Earlier on Monday, Meyer announced the hiring of Ohio-native Troy Starr as Director of Football Operations. Starr comes to Gainesville after nearly 15 years as head coach and physical education teacher at Woodland Hills (Calif.) Taft High School where he coached one of the most successful teams in the Los Angeles area.

But what has Meyer most confused about the situation is that it would not outlaw emailing recruits.

"Email is acceptable, and to be honest, you can email from a BlackBerry," Meyer said. "When something else shows up, I hope we are the first ones to do it."


Reflecting on spring practice, Meyer expressed a high comfort level with the progress of the offense. The Gators return four of five starters on the offensive line, and during his address to the Gator Club, he said that he expects either redshirt freshman Maurice Hurt or one of the Pouncey twins to start at the guard position left vacant by Drew Miller who moved to center.
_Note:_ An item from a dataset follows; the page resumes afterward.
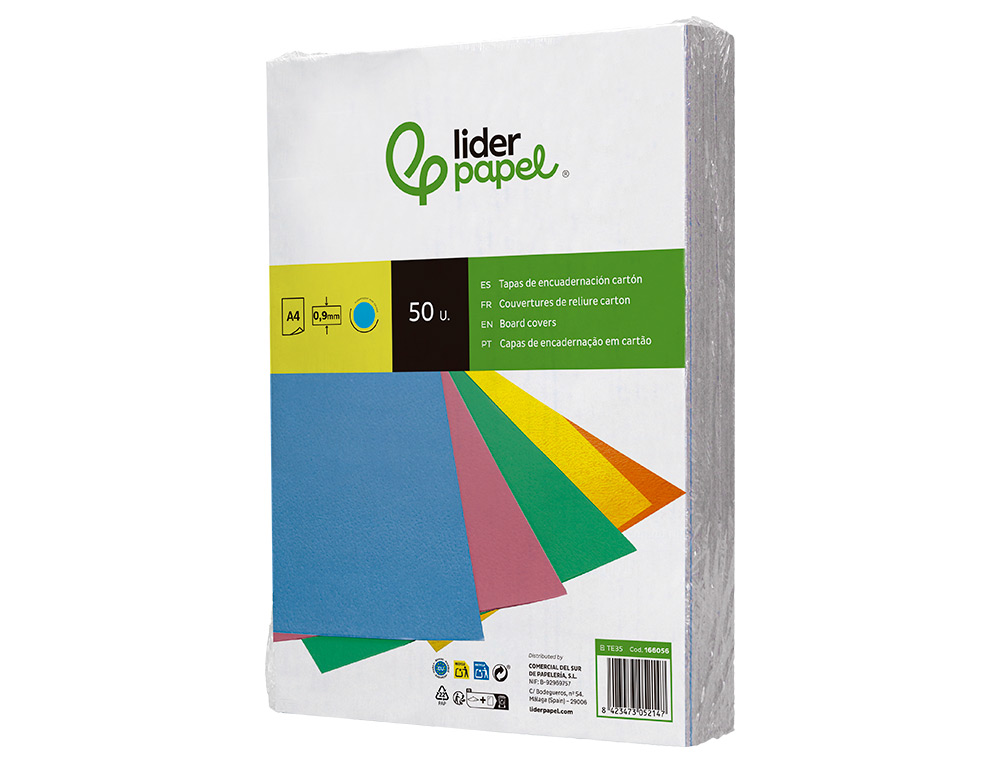 TAPA ENCUADERNACION LIDERPAPEL CARTON A4 0,9MM AZUL FLUOR PAQUETE DE 50 UNIDADES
"I feel very comfortable with where the offense is now," Meyer said. "I think after we solidify the offensive line, the one thing we have is a lot of speed. I'm anxious to see how Tim (Tebow) works with the speed on the outside. Kestahn Moore has solidified himself at running back."

Meyer said it was speed that helped the Gators win the SEC and BCS Championships.

"I think the reason why we had success at the end of last year was because we were faster than them," he said. "There's more to it than just speed, but especially on offense, it's the philosophy."

The defense still remains uncertain. Stressing to the Jacksonville gathering that the Gators return only two starters on defense, he urged that there is talent on the defensive side of the ball, and Gator fans will have the opportunity to watch them develop on the field.

"The d-line is one area that is a little behind," he said. "We are one recruiting class behind on the defensive line. Every position across the board we evaluated at a plus (during the spring) except for the d-line."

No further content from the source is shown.